### What the task requires
Leave out the pictures and set down the rest of the listing below word for word.

### Data excerpt
● ● ● ●

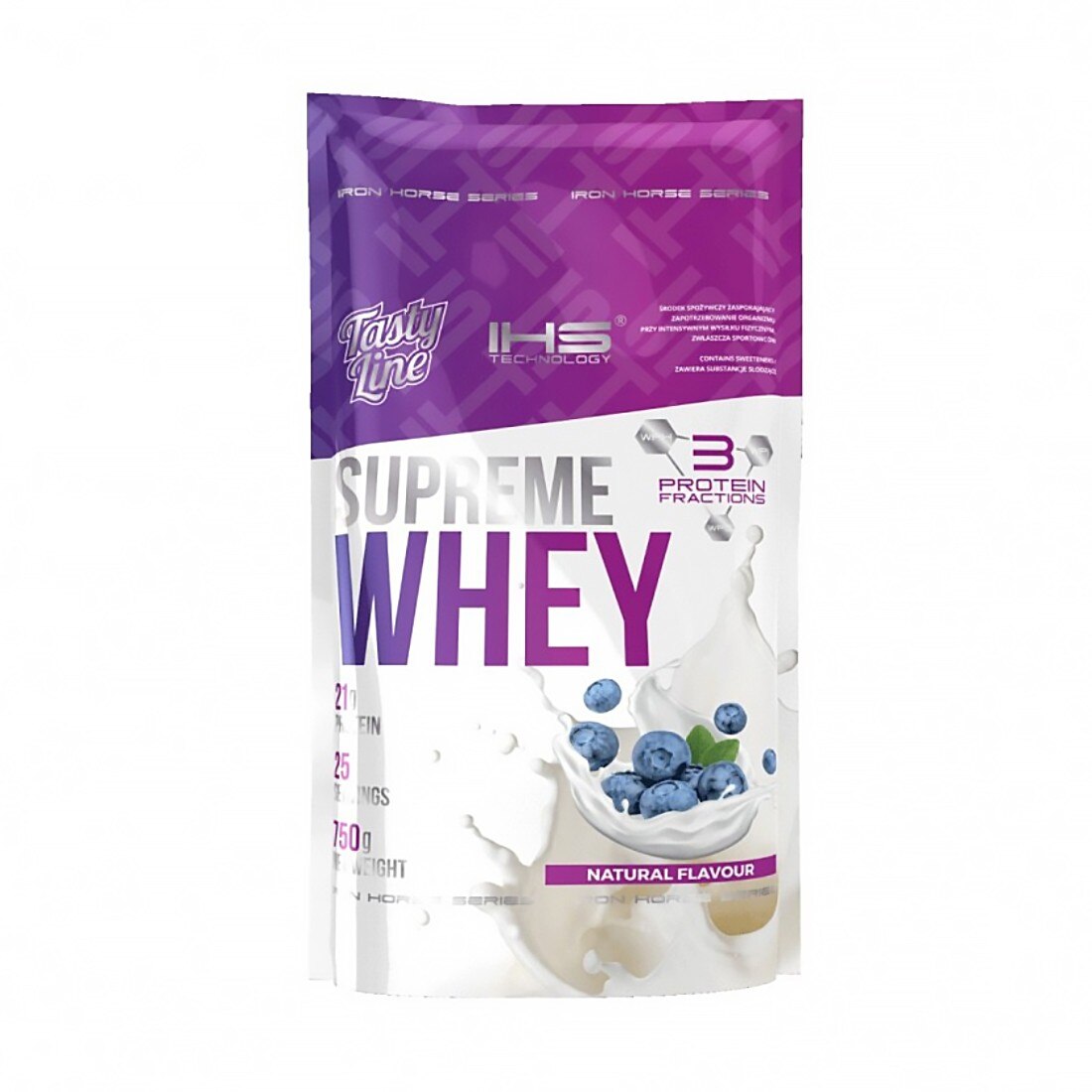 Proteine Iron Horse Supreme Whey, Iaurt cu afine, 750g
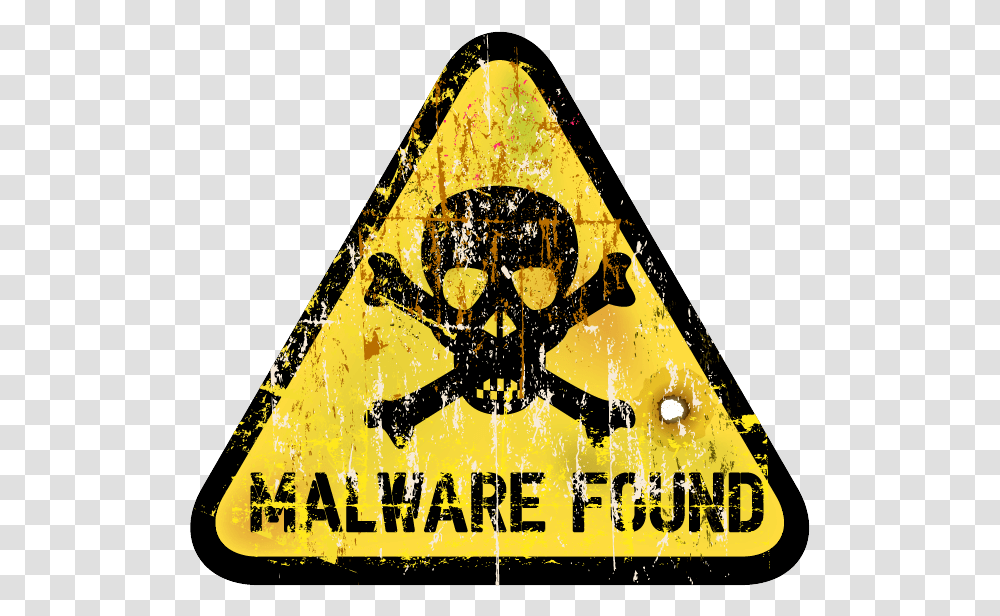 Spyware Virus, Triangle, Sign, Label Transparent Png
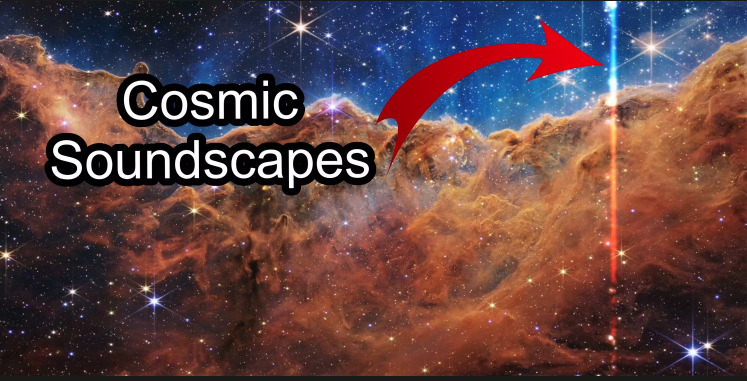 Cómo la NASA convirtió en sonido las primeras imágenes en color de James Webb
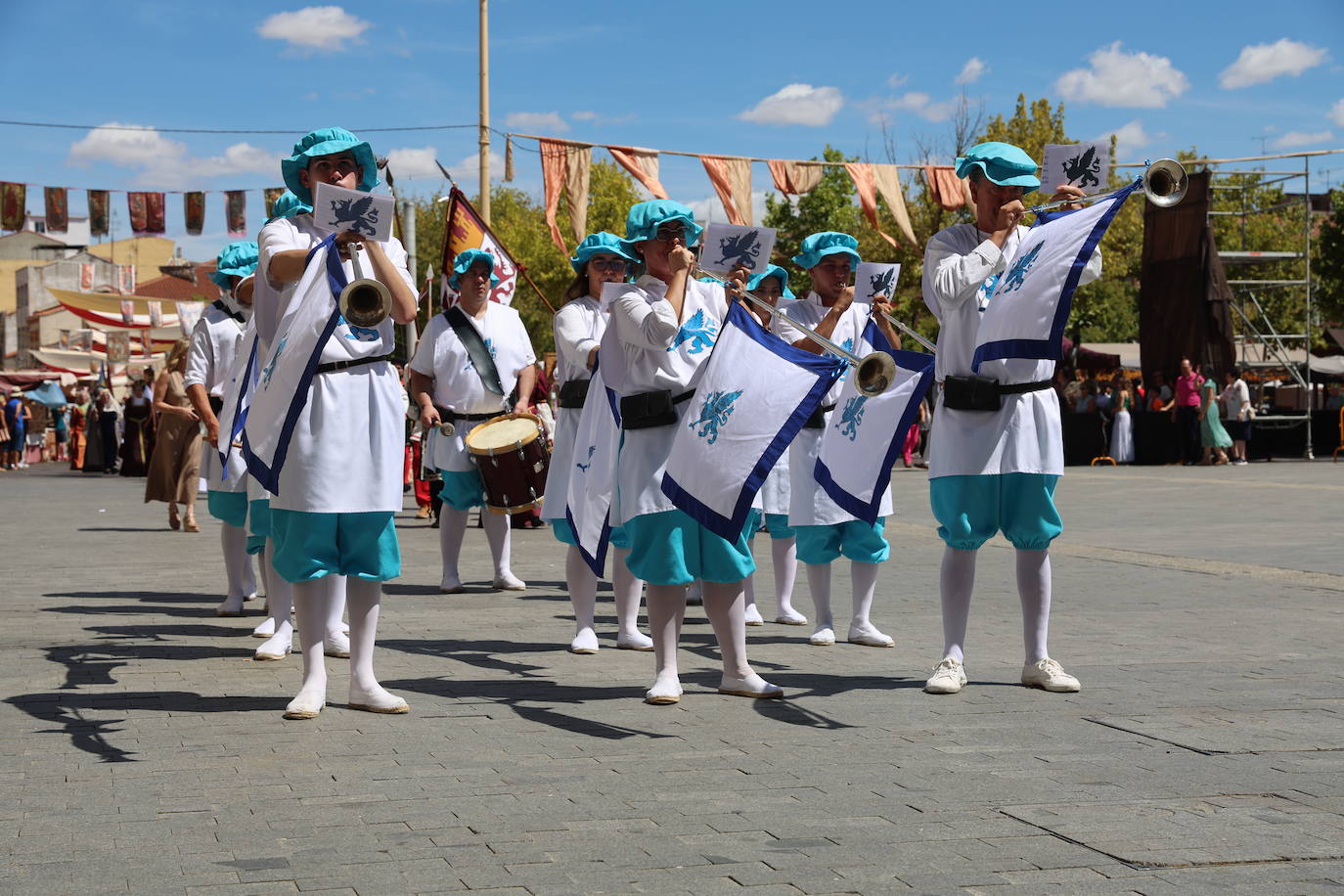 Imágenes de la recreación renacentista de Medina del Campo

● ● ● ●

### Output of the task
 Proteine Iron Horse Supreme Whey, Iaurt cu afine, 750g
 Spyware Virus, Triangle, Sign, Label Transparent Png
 Cómo la NASA convirtió en sonido las primeras imágenes en color de James Webb
 Imágenes de la recreación renacentista de Medina del Campo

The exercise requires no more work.